Method of changing gears

Float shifting, or floating gears, is the process of changing gears, in typically a non-synchronous transmission, without depressing the clutch. Shifting in this manner is also used with synchronous manual transmissions, particularly after a clutch failure, to prevent destroying the synchromeshes with the power of the engine.

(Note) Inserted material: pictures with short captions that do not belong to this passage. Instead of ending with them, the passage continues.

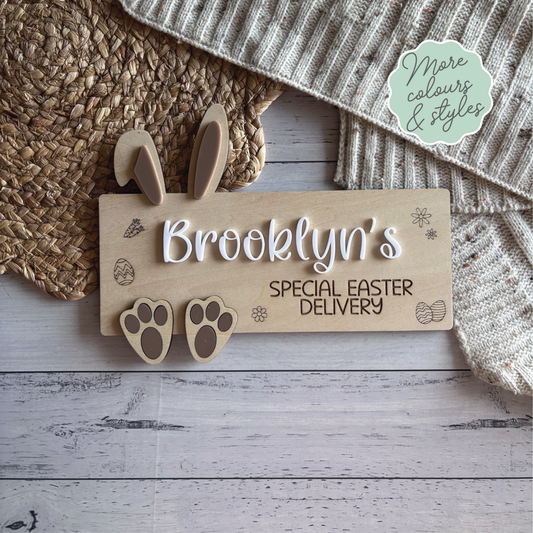 Custom Easter Crates & Plaques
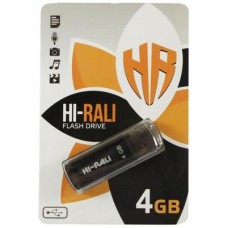 USB флеш накопитель Hi-Rali 4GB Stark Series Black USB 2.0 (HI-4GBSTBK)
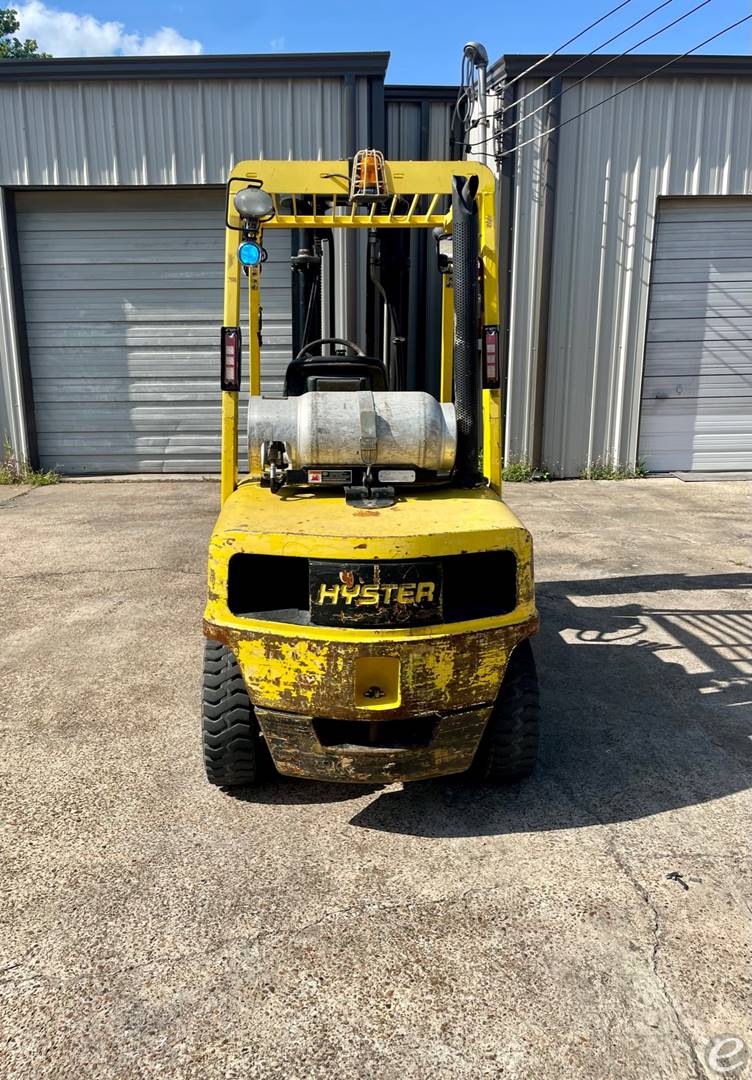2003 Hyster H65XM LP Gas Forklift - 123Forklift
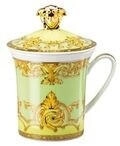 Versace Becher m.Dkl./30Y. Green Floralia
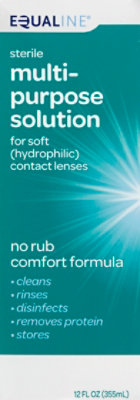 Signature Select/Care Multi Purpose Solution Soft Contact Lenses Sterile - 12 Fl. Oz. - Image 2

Drivers can shift non-synchronous transmissions without using the clutch by bringing the engine to precisely the right speed in neutral before attempting to complete a shift. If done improperly, it can damage or destroy a transmission. Some truck drivers use this technique with the higher gears. The technique is sometimes also used on motorcycles, but has largely been replaced by quickshifters for competitive use.

==Technique==
After bringing the engine up to speed in a gear, the driver senses the need to upshift. To get out of the current gear without using the clutch, the driver backs off slightly on the accelerator and gently pulls the gear stick toward the neutral position. If they back off enough, a moment comes when the engine is neither driving the car nor being driven by the car; at that moment the stick moves freely, and the transmission "effortlessly" shifts out of gear. Next, to get into the chosen higher gear without using the clutch, they back off on the accelerator a little more and gently push the gear stick toward the chosen higher gear. A moment comes when the engine rpm has decreased enough to synchronize that chosen gear. At that moment, the transmission "effortlessly" shifts into that gear. To shift down, the driver similarly backs off on the accelerator and "falls out of" the current gear, but then pushes a little harder on the accelerator to increase the rpm enough to match and allow them to "fall into" the chosen lower gear.

==Pros and cons==
Float shifting can reduce clutch wear because it is used so much less (only for starting from a standstill). Conversely, improper engagement of a gear (when the engine and transmission speeds are not matched) can cause wear on the synchros and lockouts, and damage the gears by physically grinding them together due to a difference in speed. Float shifting also tends to be slower than using the clutch.